6.2. Il motivo di impugnazione è, altresì, aspecifico in quanto la ricorrente si è limitata a sostenere una generica carenza di motivazione senza alcuna valida confutazione delle argomentazioni espresse dai giudici di merito in tema di concessione delle attenuanti generiche e determinazione del trattamento sanzionatorio in misura leggermente superiore al minimo edittale (vedi pag. 4 della sentenza di primo grado e pag. 4 della sentenza impugnata).
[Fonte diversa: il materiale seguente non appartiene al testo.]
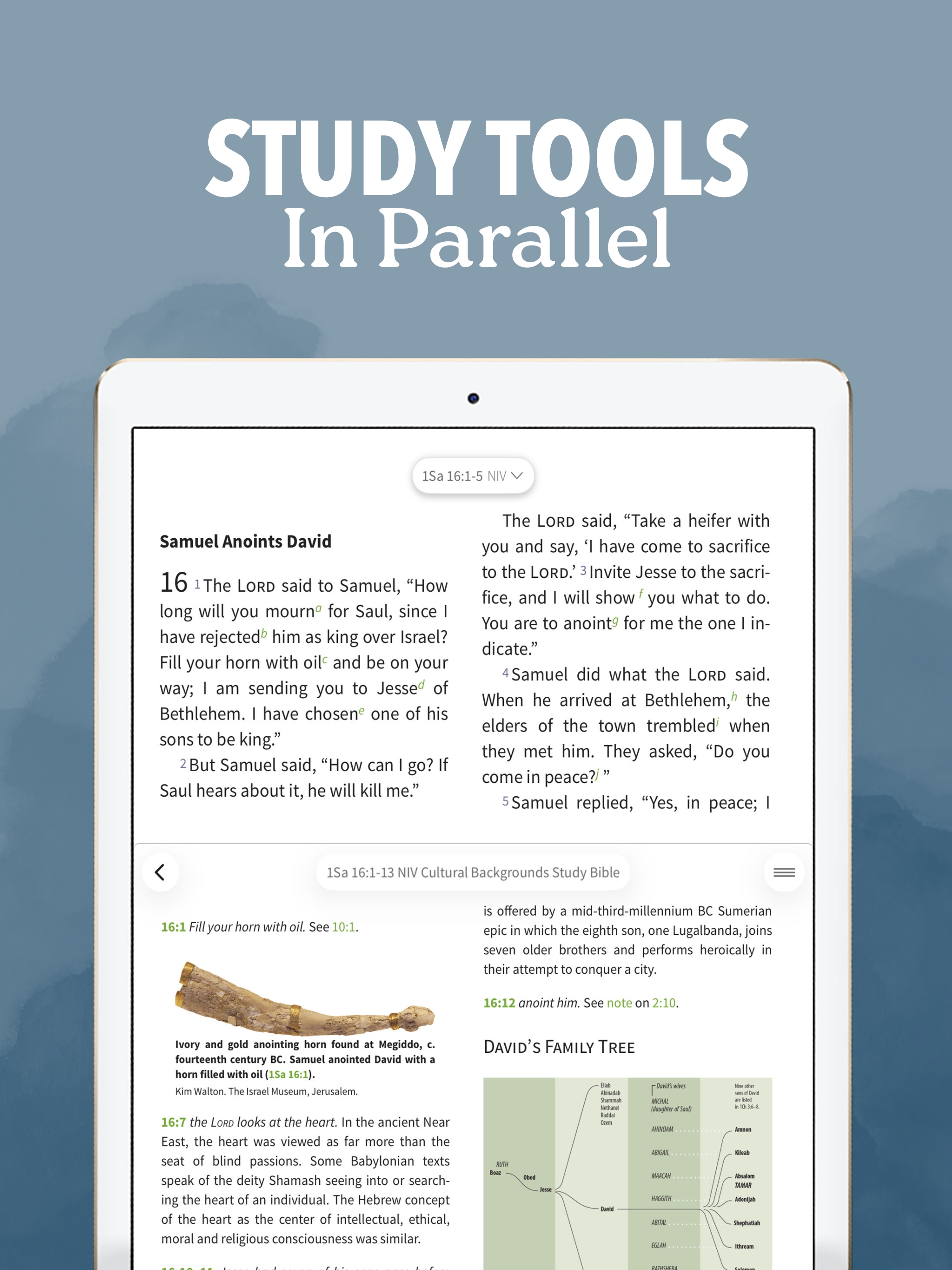 Bible App - Read & Study Daily screenshot 12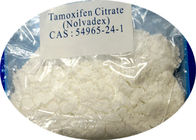 Anti Estrogen Steroids Tamoxifen Citrate CAS 54965-24-1 with High Purity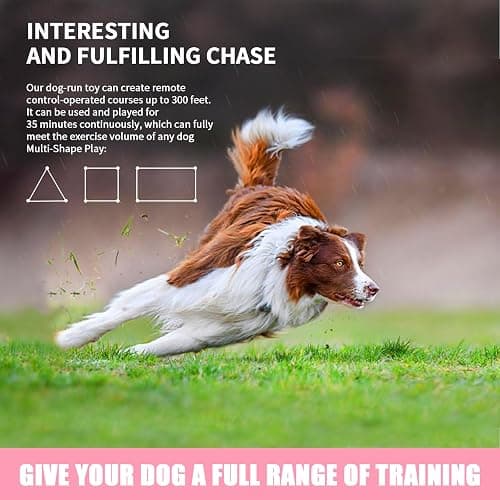 DC-1 Dog Toys for Large Dogs，Lure Coursing Machine,Dog Chase Toy Motorized Line，Dog Agility Course Backyard Set，Dog Toys thumbnail 5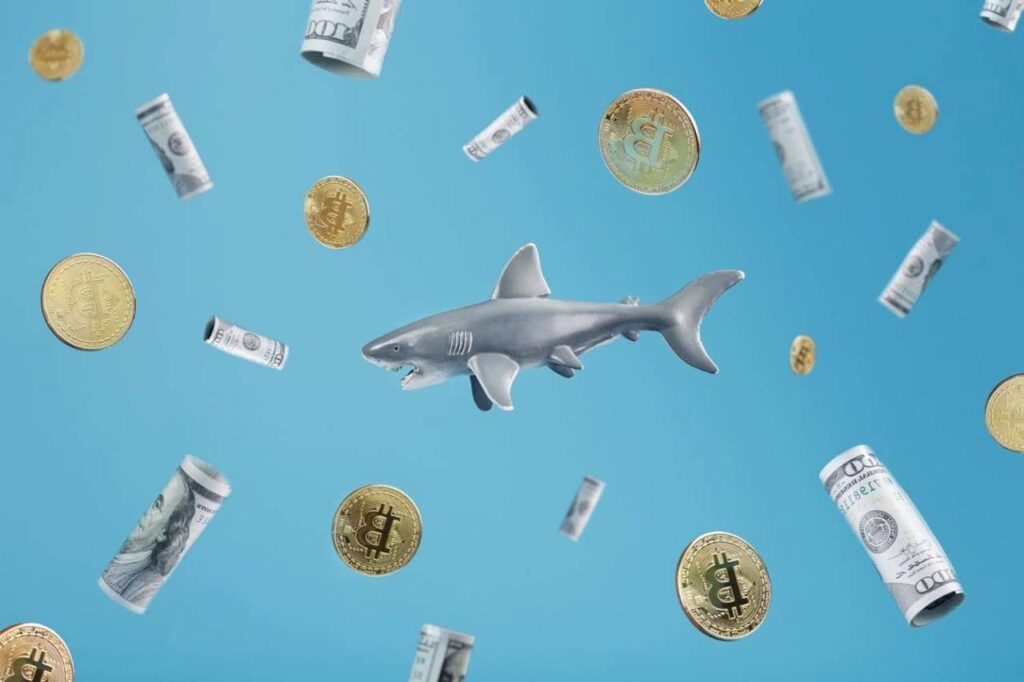 Bitcoin sharks are on a buying spree: Here’s what you need to know thumbnail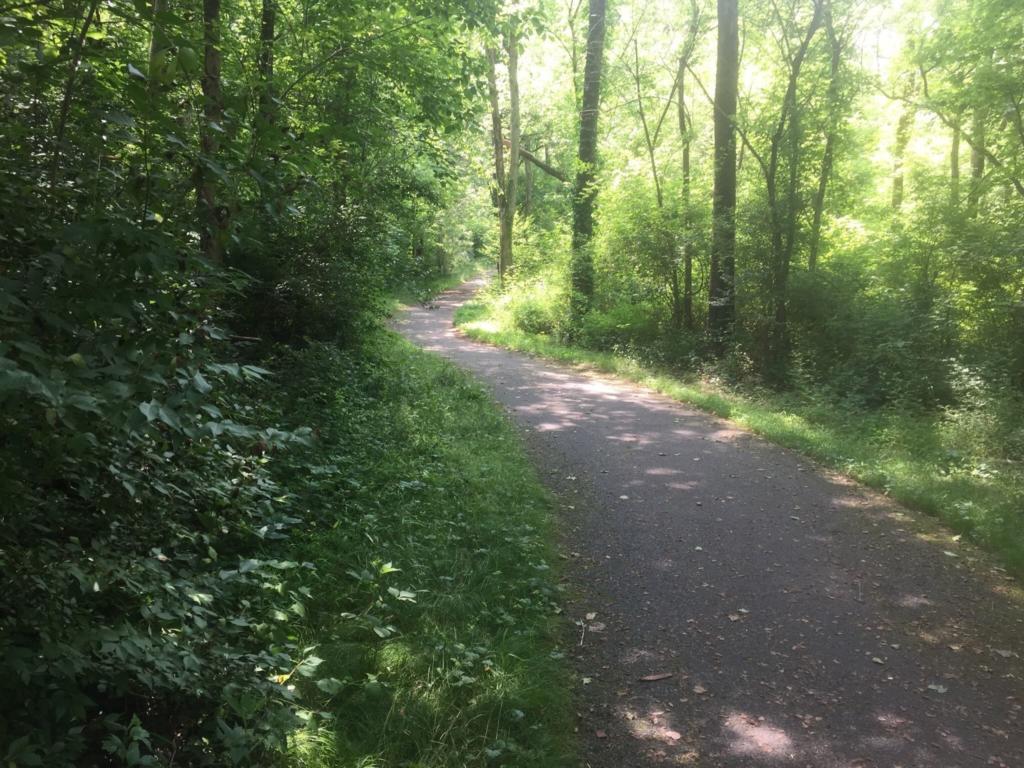Sugarland Run Trail 10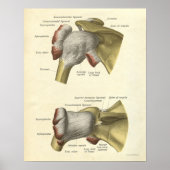 anatomie Afdrukplaat Botten Schoudergewricht Poster (Voorkant)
Deve essere in proposito, ribadito il principio di diritto secondo cui la graduazione della pena rientra nella discrezionalità del giudice di merito il quale, per assolvere al relativo obbligo di motivazione, nell’osservanza dei criteri stabiliti dagli artt. 133 e 133-bis cod. pen., è sufficiente che richiami la gravità del reato o la capacità a delinquere dell’imputato con espressioni del tipo: «pena congrua», «pena equa» o «congruo aumento», essendo, invece, necessaria una specifica e dettagliata spiegazione del ragionamento seguito soltanto quando la pena, diversamente dal caso di specie, sia di gran lunga superiore alla misura media edittale (cfr. Sez. 2, n. 36104 del 27/04/2017, Mastro, Rv. 271243-01).
Ne discende che è inammissibile la censura che, come nel caso di specie, miri ad una nuova valutazione della congruità della pena la cui determinazione non sia
frutto di mero arbitrio o di ragionamento illogico (Sez. 5, n. 5582 del 30/09/2013, COGNOME, Rv. 259142; Sez. 2, n. 43893 del 29/09/2022, COGNOME, non massimata), vizi non ravvisabili nel caso oggetto di scrutinio.
All’inammissibilità del ricorso consegue, ai sensi dell’art. 616 cod. proc. pen., la condanna della ricorrente al pagamento delle spese del procedimento nonché, ravvisandosi profili di colpa nella determinazione della causa di inammissibilità, al pagamento in favore della cassa delle ammende della somma di euro tremila, così equitativamente fissata.
P.Q.M.
Dichiara inammissibile il ricorso e condanna la ricorrente al pagamento delle spese processuali e della somma di euro tremila in favore della RAGIONE_SOCIALE delle Ammende.